For every line below, output the text exactly and leave out images.

- [Dataset excerpt]

=== Section Start ===

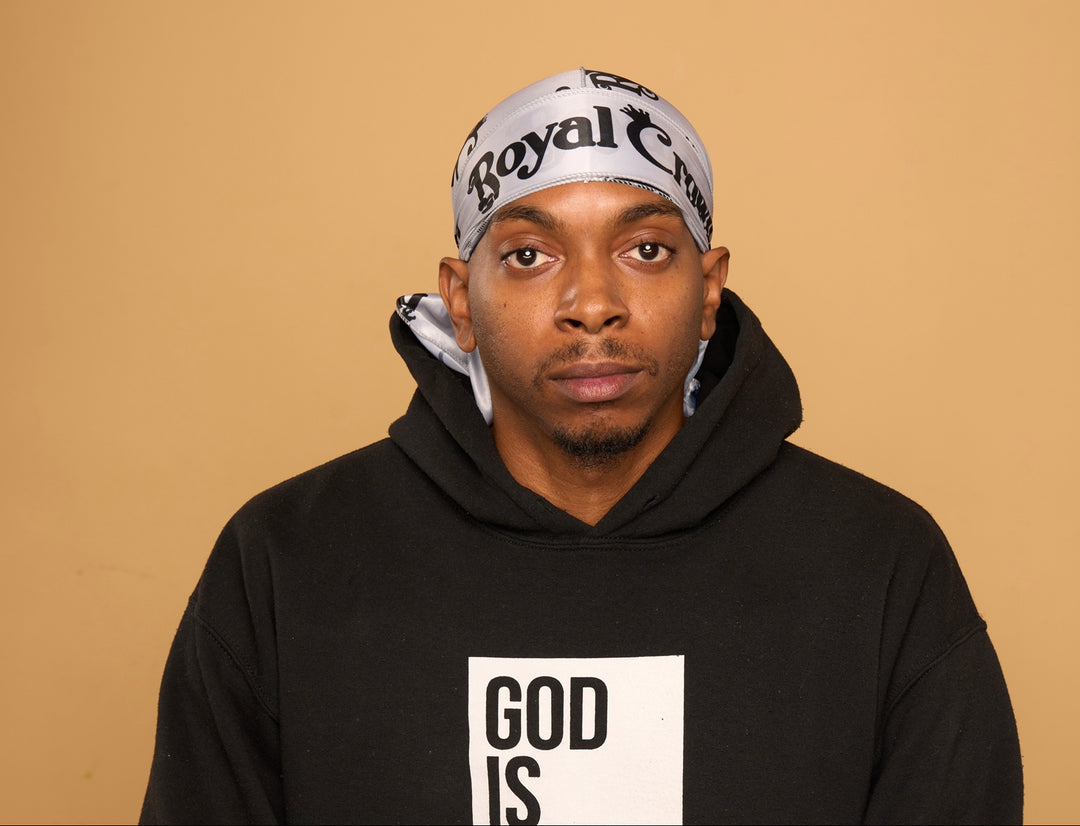 silver and black silk durag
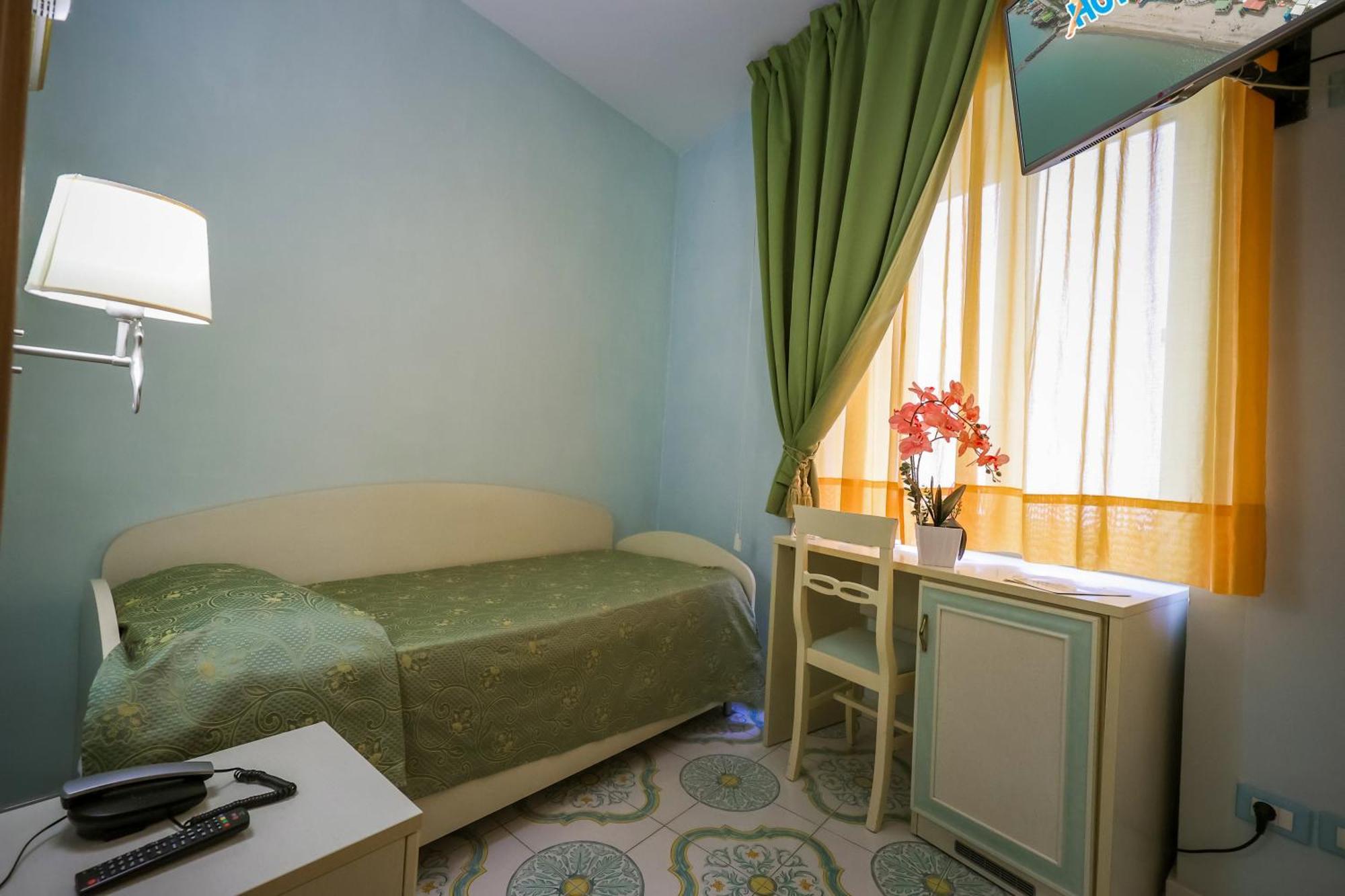 איסקיה Hotel Rivamare מראה חיצוני תמונה
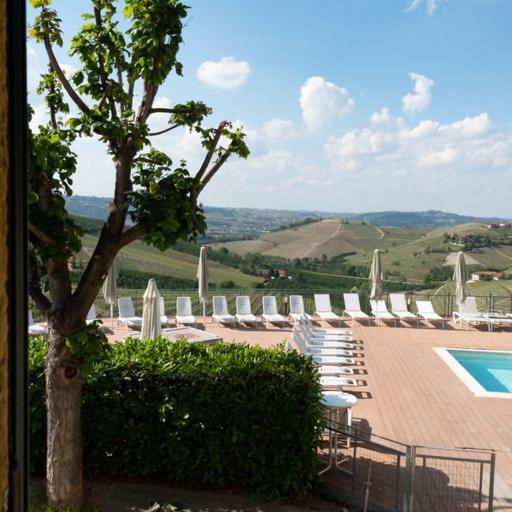 Casa Nicolini Hotel Barbaresco Bagian luar foto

=== Section End ===

- [Response to this exercise]
 silver and black silk durag
 איסקיה Hotel Rivamare מראה חיצוני תמונה
 Casa Nicolini Hotel Barbaresco Bagian luar foto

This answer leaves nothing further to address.